Co-Authored-By: Claude Opus 4.7 (1M context) <noreply@anthropic.com>
The consumer event handler no longer carries a per-instance `views` MapSet cache for each dependency. `Steady` and `Buffering` derive every view they need from the shared `MultiTimeView` indexed by the consumer's currently-pinned logical time (held in `subquery_refs`), and the `Views` module is gone. To make this work correctly when a move-in is buffered: - `ActiveMove` now stores `subquery_id`, `from_time`, `to_time`, `dep_index`, `dep_move_kind`, `subquery_ref`, and `values` directly, with no embedded view snapshots. - `MoveQueue` tracks the latest payload `to_time` per dep, so a queued batch drained after a splice carries its materializer logical time forward into the next move-in query. - `Buffering.splice` advances `SubqueryIndex.set_shape_subquery` / `ProgressMonitor.notify_processed_up_to` and updates `subquery_refs[ref].time` so subsequent routing reads at the right time. - When a move-out is drained ahead of a same-dep queued move-in, the time advance is deferred to the upcoming Buffering splice so that the move-in query computes `views_before - views_after` correctly. `StartMoveInQuery` and `SplicePlan` carry `from_time`/`to_time` and read views via MTV at splice time rather than receiving pre-built MapSets. `Effects.query_move_in_async` builds the same views map by reading MTV at the consumer's pinned time.

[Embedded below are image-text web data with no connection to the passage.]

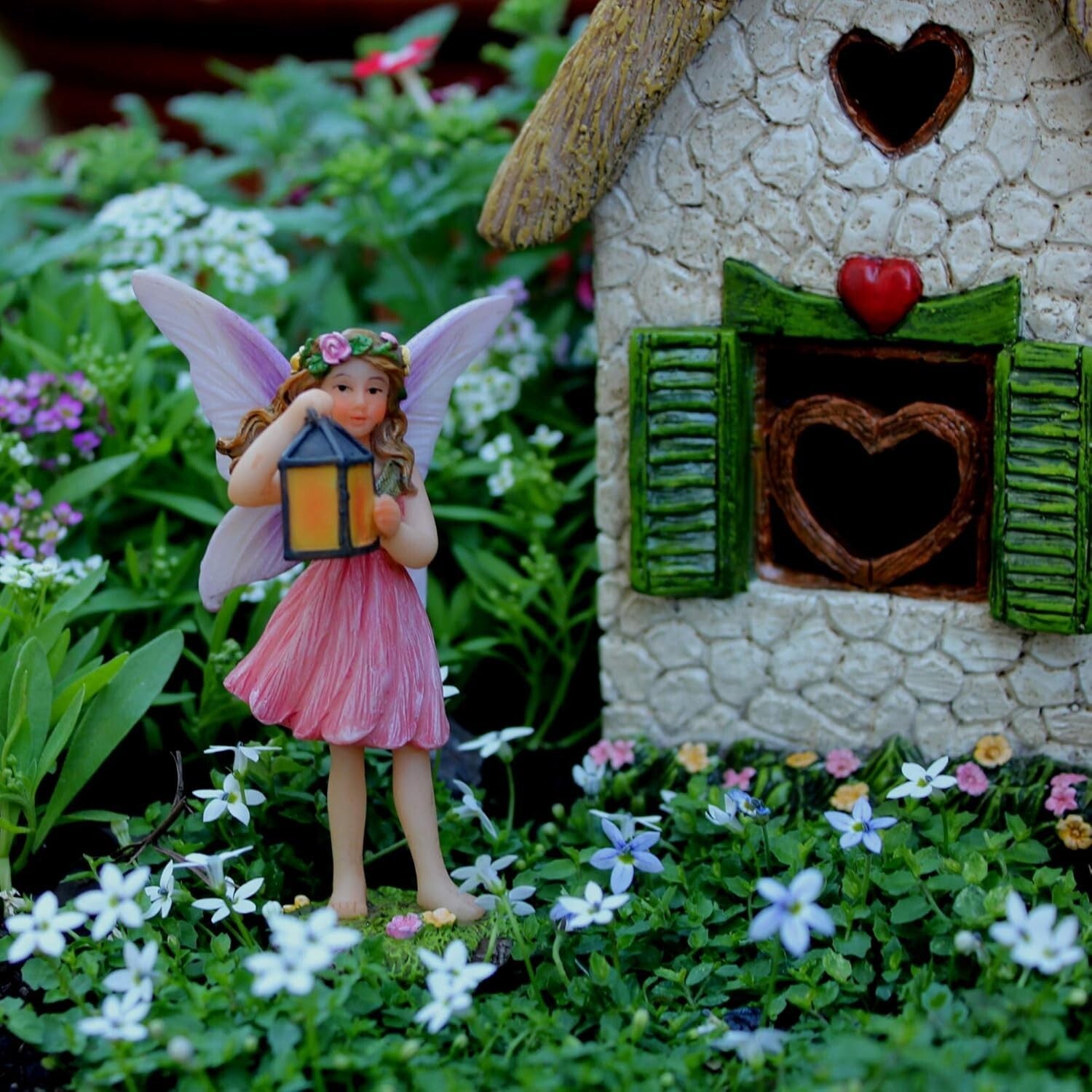 7-Inch Water-Resistant Fairy Garden House Kit with Fairies & Accessories
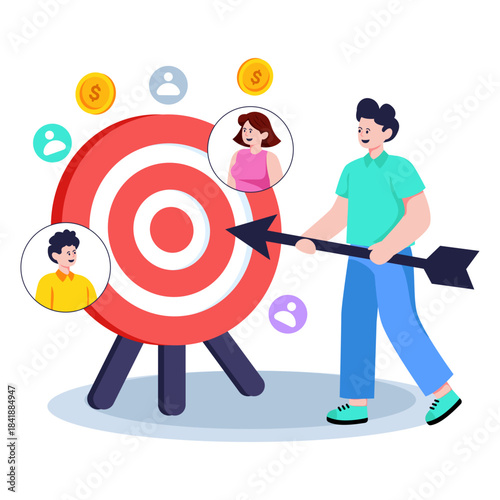 Target audience illustration, editable vector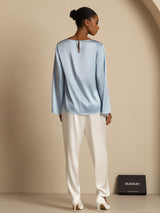 [Grayish Blue] SilkSilky  Long Sleeve Boat Neck Women's Blouse 002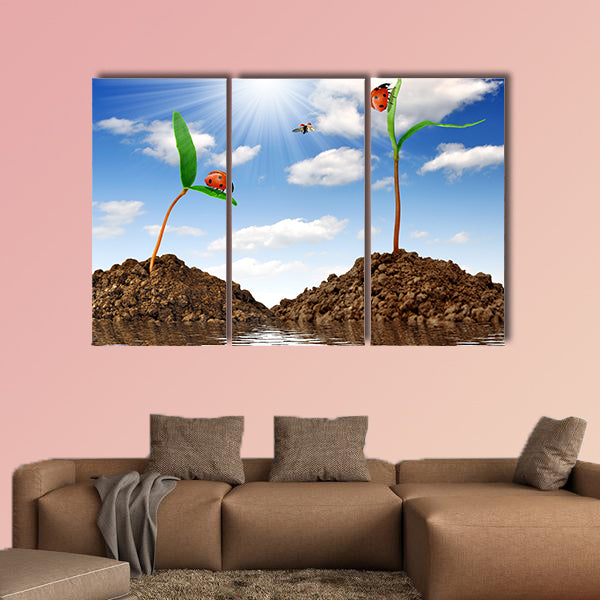 Growing green plant with ladybugs multi panel canvas wall art
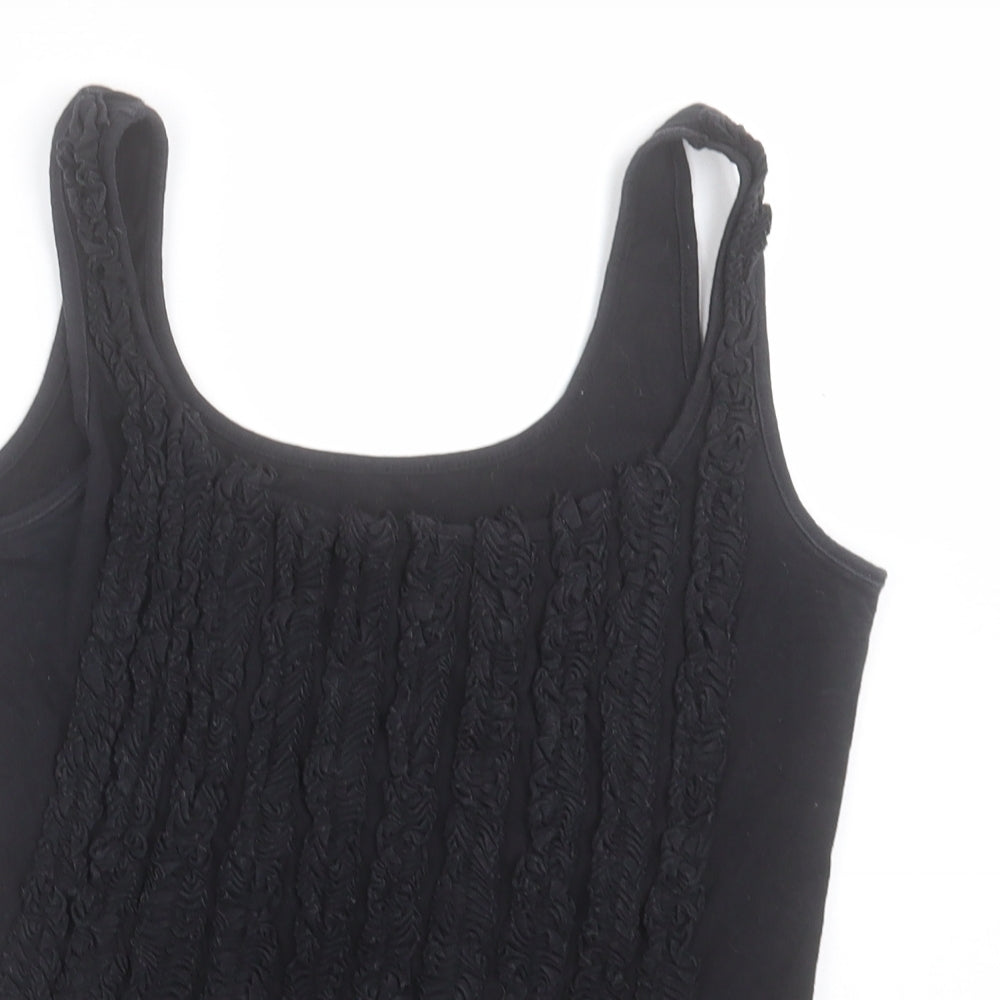 For Women Womens Black Cotton Basic Tank Size 12 Scoop Neck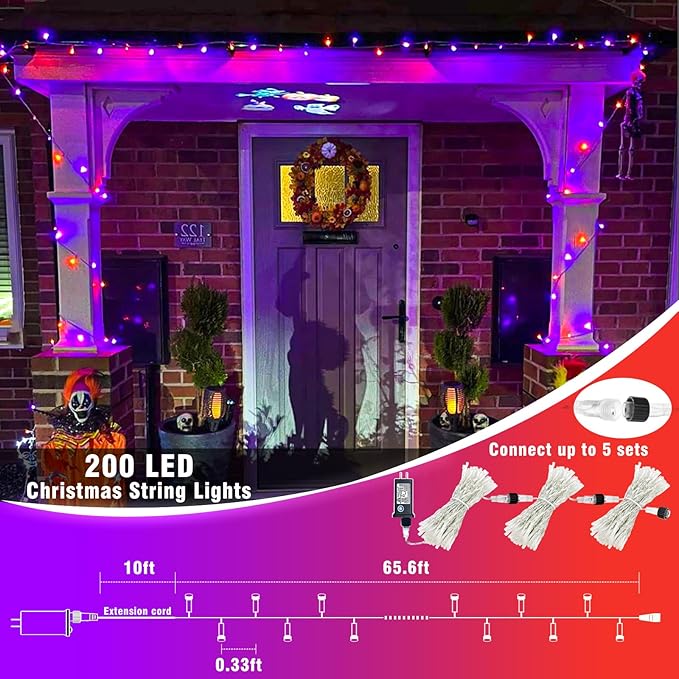 200 LED Christmas Lights Outdoor, 66ft Christmas String Lights Indoor Clear Wire 8 Modes Waterproof Plug in Twinkle Fairy Light for Tree Party Garden Decorations, Purple&Orange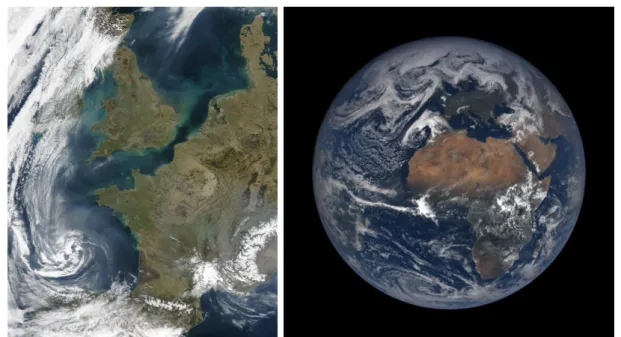 Figure 2.4 – Ces images proviennent d’imageurs satellite. À gauche : image prise le 22 mars 2002 par le satellite AQUA (circumpolaire)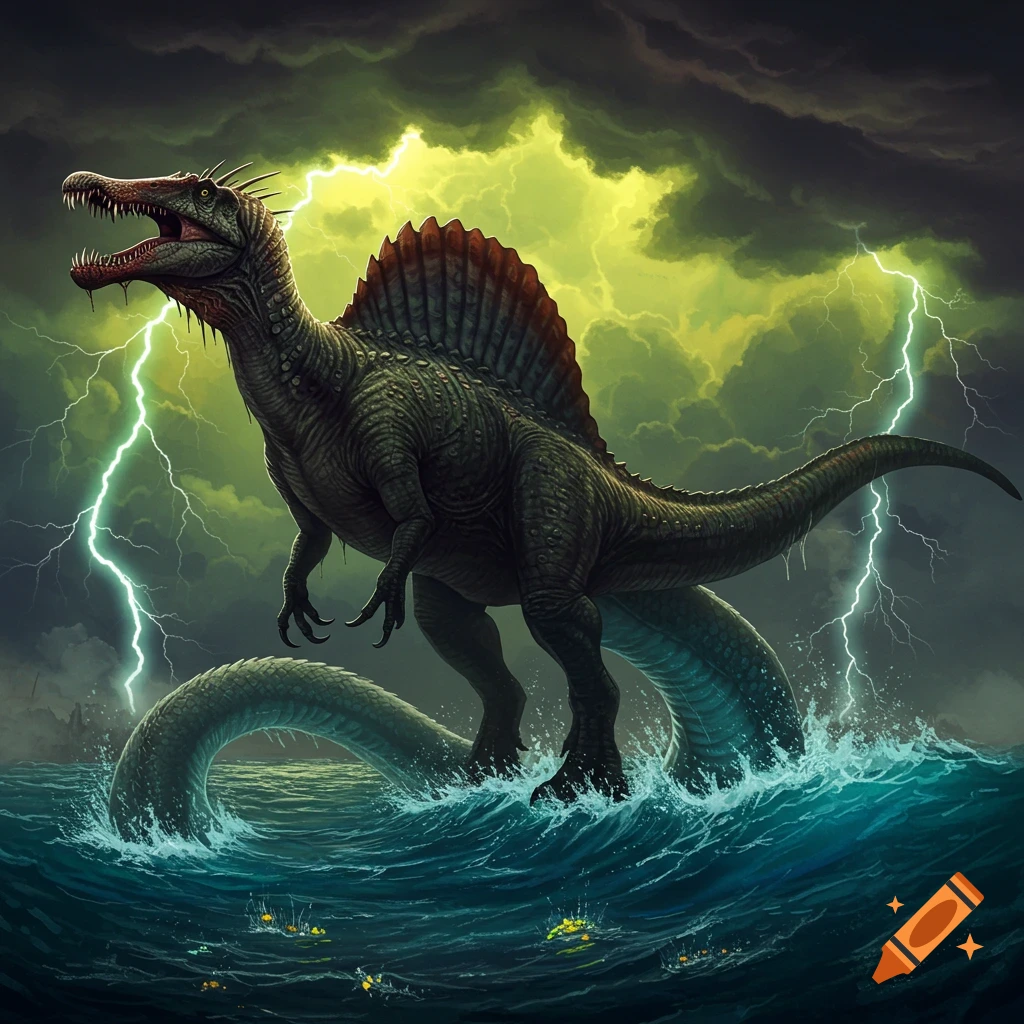 A fierce Spinosaurus-like creature with a sea monster tail stands in stormy ocean waters under a sky filled with green lightning.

The legacy in-process subquery test file is renamed to `.legacy`; its replacement lives in `consumer_test.exs` (router-level move-in tests) and the per-module unit tests. Co-Authored-By: Claude Opus 4.7 (1M context) <noreply@anthropic.com>
Adds Electric.Shapes.Filter.Indexes.SubqueryIndex.Compactor, a per-stack GenServer that periodically (every 10s by default) walks every subquery tracked by `MultiTimeView`, advances its `min_required_time` to the minimum required by any registered consumer (via `SubqueryProgressMonitor.min_required_time/2`), and removes the positive-routing rows for any value whose history compacts to empty. To support cascading GC, `MultiTimeView.set_min_required_time/3` now returns the list of values whose history was deleted, and a new `MultiTimeView.subquery_ids/1` enumerates the subqueries currently tracked. The Compactor is supervised under `ShapeLogCollector.Supervisor` alongside `ProgressMonitor` so every stack gets one automatically. The resolver-pattern refactor for `Querying.move_in_where_clause/5` and `SplicePlan` outlined in the plan is deferred — the current call sites already pass MapSets built from MTV at splice time, so the refactor is cosmetic. The materializer's `link_values_table` ETS cache is similarly left in place; it still has external callers (`Materializer.get_all_as_refs/2`) and untangling them is its own patch. Co-Authored-By: Claude Opus 4.7 (1M context) <noreply@anthropic.com>
The per-stack `link_values_table` ETS cache and its
`Materializer.{init_link_values_table, get_link_values, get_all_as_refs,
delete_link_values}` API are no longer needed: every consumer that used
to read it now reads `MultiTimeView` directly at its own pinned logical
time, so the cache was just a stale copy.
Removes:
- `Materializer.init_link_values_table/1` (and its call from
`ConsumerRegistry.new/2`)
- `Materializer.get_link_values/1` + `:get_link_values` handle_call
- `Materializer.get_all_as_refs/2` (was unused outside this module)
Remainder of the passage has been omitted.